**Collected data:**
========================

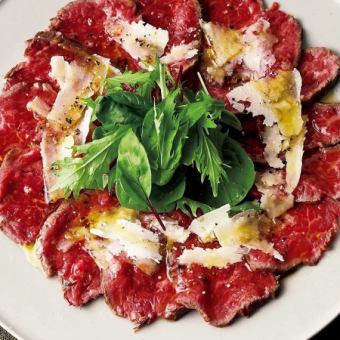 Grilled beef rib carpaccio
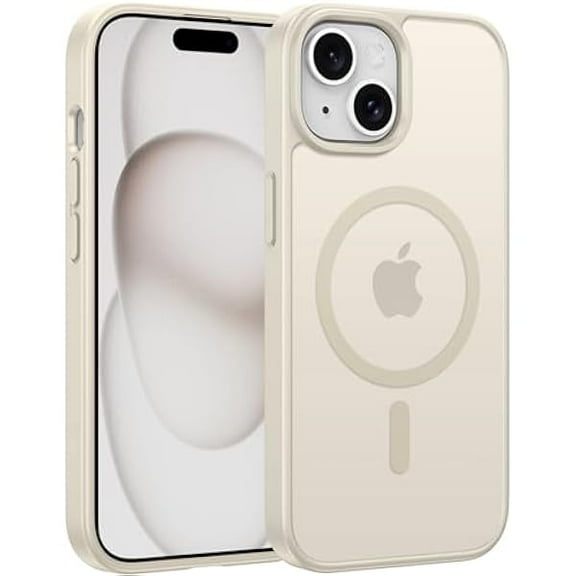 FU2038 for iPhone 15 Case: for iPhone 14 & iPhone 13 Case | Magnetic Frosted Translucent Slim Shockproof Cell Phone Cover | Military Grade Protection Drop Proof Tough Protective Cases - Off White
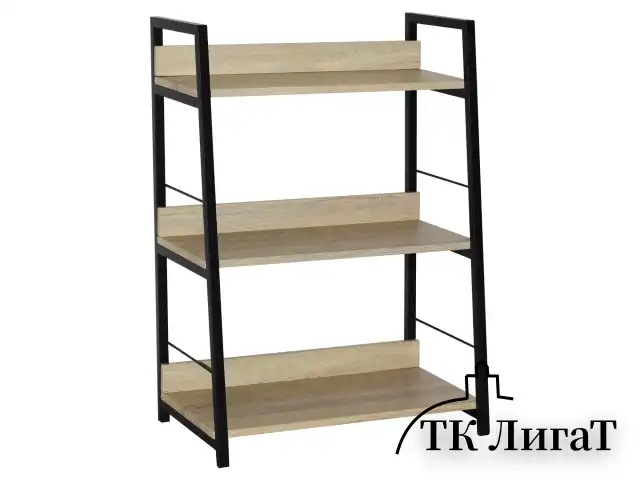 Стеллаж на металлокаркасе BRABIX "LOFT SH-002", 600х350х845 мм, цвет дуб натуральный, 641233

========================

**What is needed:** Exact repetition is required for the lines from the first one in the listing through the one that holds "FU2038 for iPhone", and pictures are to be omitted.

**Answer box:**
 Grilled beef rib carpaccio
 FU2038 for iPhone 15 Case: for iPhone 14 & iPhone 13 Case | Magnetic Frosted Translucent Slim Shockproof Cell Phone Cover | Military Grade Protection Drop Proof Tough Protective Cases - Off White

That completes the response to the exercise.